D’où vient l’engagement de ce Syrien, arrivé en Grèce dans les années 1990 ? Sans doute de son militantisme, qu’il a chevillé au corps. En 1987, à la faveur d’un échange universitaire, Kastro, alors jeune militant communiste, fuit le régime d’Hafez al-Assad. En arrivant à Athènes, Kastro sait qu’il ne retournera jamais dans son pays natal. Mais il n’en oublie pas moins ses convictions. S’il s’inscrit aux Beaux-Arts – études qui le passionnent -, le jeune étudiant continue son combat politique. En 2003, lors du sommet européen de Thessalonique, il fait partie des 7 activistes altermondialistes arrêtés par les autorités. « Nous avons été condamnés à six mois de prison. Nous nous étions mis en grève de la faim. C’est pour ça que mon nom est inscrit sur les murs du quartier », précise Kastro. « J’ai été un peu célèbre à ce moment-là, c’est tout ».

Dans les couloirs de l’école réquisitionnée par Kastro. Crédit : Charlotte Boitiaux

Restaurateur de bâtiment, peintre à ses heures perdues, Kastro se présente volontiers comme un artiste. « J’avais une galerie d’art. Mais parfois, je peignais aussi dans la rue pour gagner de l’argent », explique-t-il en nous montrant ses peintures qui décorent son bureau. Il dit aussi avoir été le premier immigré à se syndiquer en Grèce. « La question n’est pas de savoir pourquoi je m’investis autant dans mes combats politiques, mais de savoir pourquoi d’autres ne le font pas ».

Avec une personnalité aussi forte, Kastro ne s’est pas fait que des amis.
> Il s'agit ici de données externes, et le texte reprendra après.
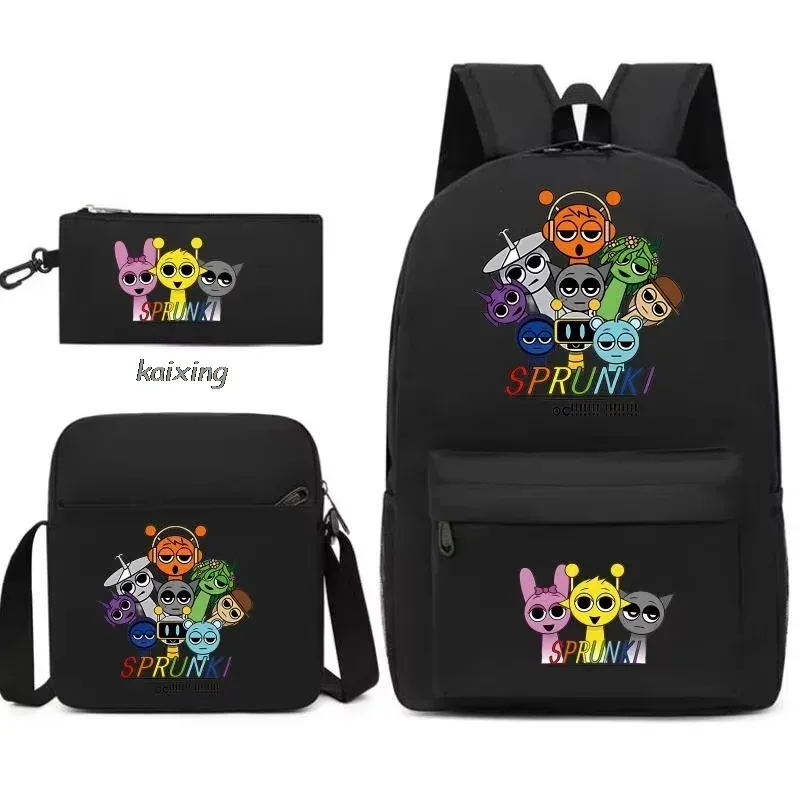 ensemble de 3 sacs à dos sprunki à imprimé anime, avec sac fourre-tout et pochette, grande capacité, léger et respirant, sac à dos décontracté tendance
À Exarchia, les relations entre le Syrien et les autres groupes d’extrême-gauche sont assez sensibles. « J’ai des problèmes avec certains d’entre eux, mais surtout au niveau politique », explique-t-il sans entrer dans les détails. « Peut-être qu’on ne m’apprécie pas parce que je ne suis affilié à aucun parti ici », conclut-il. « Mais le plus important, ce ne sont pas nos différends, mais que nous nous entendions suffisamment bien pour mener le combat pour les réfugiés. Le plus important, c’est que nous soyons unis pour nous battre pour eux ».